In October, the Minnesota Supreme Court decided State v. Carson, which overturned the DWI conviction of a woman who was driving under the influence of dust-off paint thinner. The Minnesota Supreme Court ruled that dust-off, or 1,1-difluoroethane (DFE), which is found in refrigerant-based propellant used for cleaning electronic equipment, was not a “hazardous substance” within the meaning of DWI statutes. The Supreme Court indicated that DFE is not on OSHA's list of hazardous substances, which is referenced in Minn. Stat. 169A.20, subd. 1(3). The DWI Task Force is seeking to introduce legislation that changes this statute by removing the reference to hazardous substances and severing the ties to OSHA's laws, which are geared towards workplace safety. In its place, the Task Force is proposing a definition of "intoxicating" substances that focuses on drugs and chemicals that cause impairment and render a person unsafe to operate a motor vehicle.

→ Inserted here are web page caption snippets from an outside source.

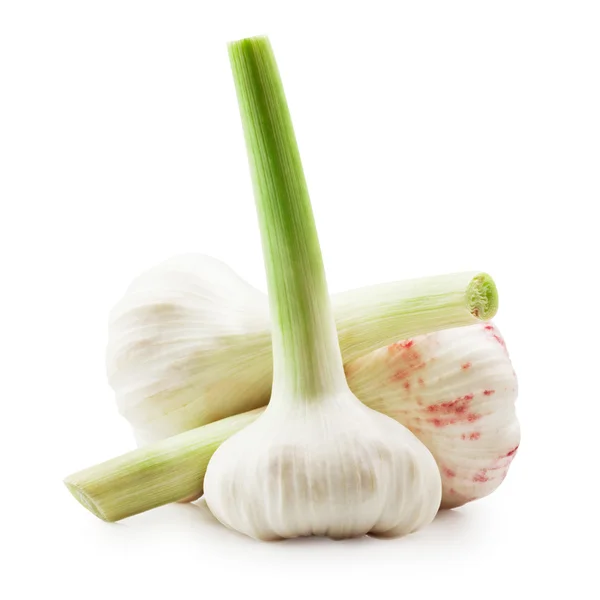 Garlics isolerade — Stockfoto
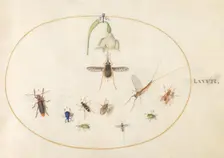 Plate 77: Hummingbird Hawk Moth with a White Flower, Blue and Green Weevils..., c. 1575/1580. Creator: Joris Hoefnagel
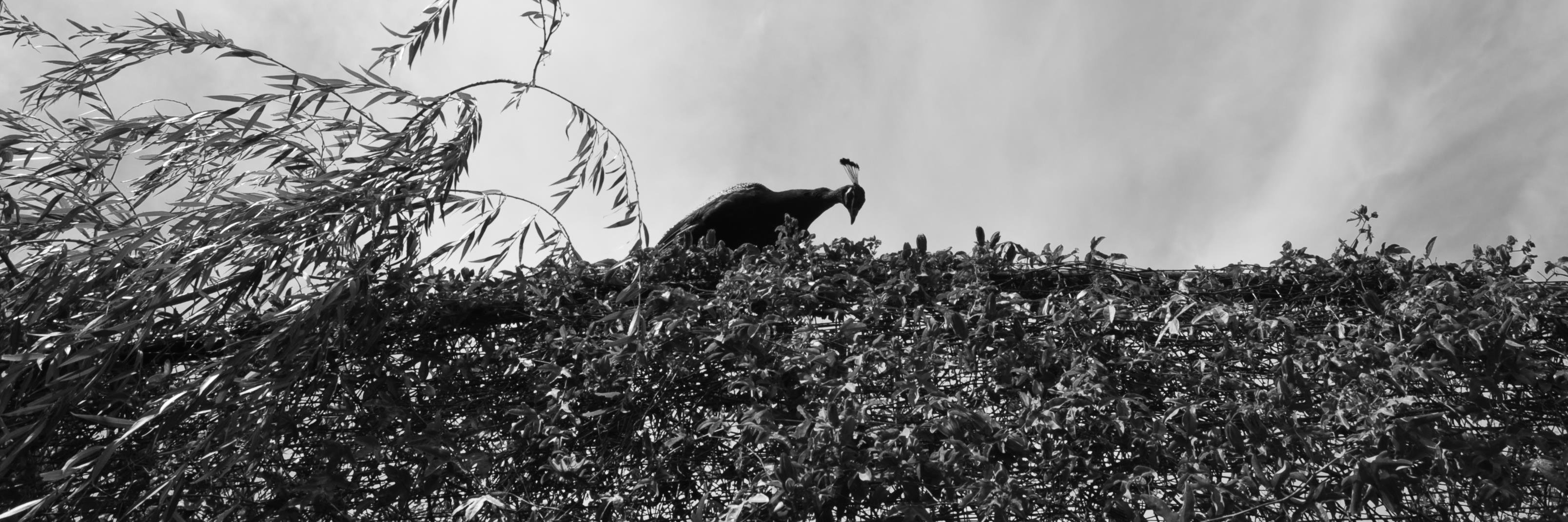 Cabrited's profile banner image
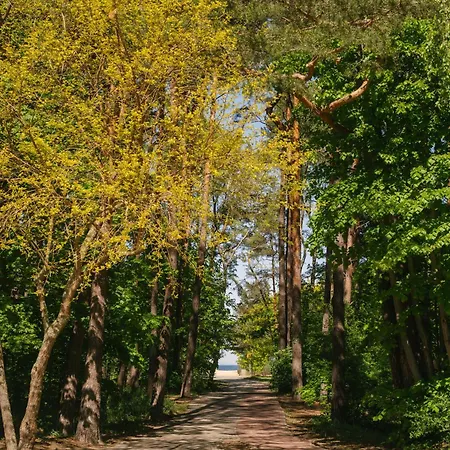 Seaside Premium By Evibell Апартаменты *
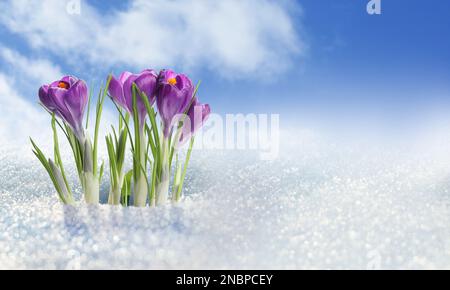 Beautiful spring crocus flowers growing through snow outdoors, space for text Stock Photo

The bill has passed the Senate Judiciary Committee (as amended into SF 2578), and been laid over for possible inclusion into the House omnibus bill.
Past Successful Legislative Initiatives:
**2017 -- HF 2364 and SF 2375, which responded to the United States Supreme Court's decision in Birchfield v. North Dakota and achieved five things: (1) Amended Minnesota's implied consent laws, 169A.51-53, to only reference breath tests, which is consistent with the Birchfield decision; (2) Criminalized refusal to comply with the execution of a search warrant, which is consistent with the refusal laws for breath test cases but codified under proper constitutional authority; (3) Provides for the revocation of an offender's driver's license for a failed test or refusal to comply with a search warrant, which is consistent with the consequences in a breath test case; (4) Extended the amount of time an offender has to challenge a license revocation from 30 to 60 days; and (5) Allows for a prescription drug affirmative defense in license revocation hearings. Here is a link to a final engrossment of the bill.
**2015 -- HF 1255 and SF 1073, which lowered the enhancement level of gross misdemeanor DWIs from an alcohol concentration of .20 to .16.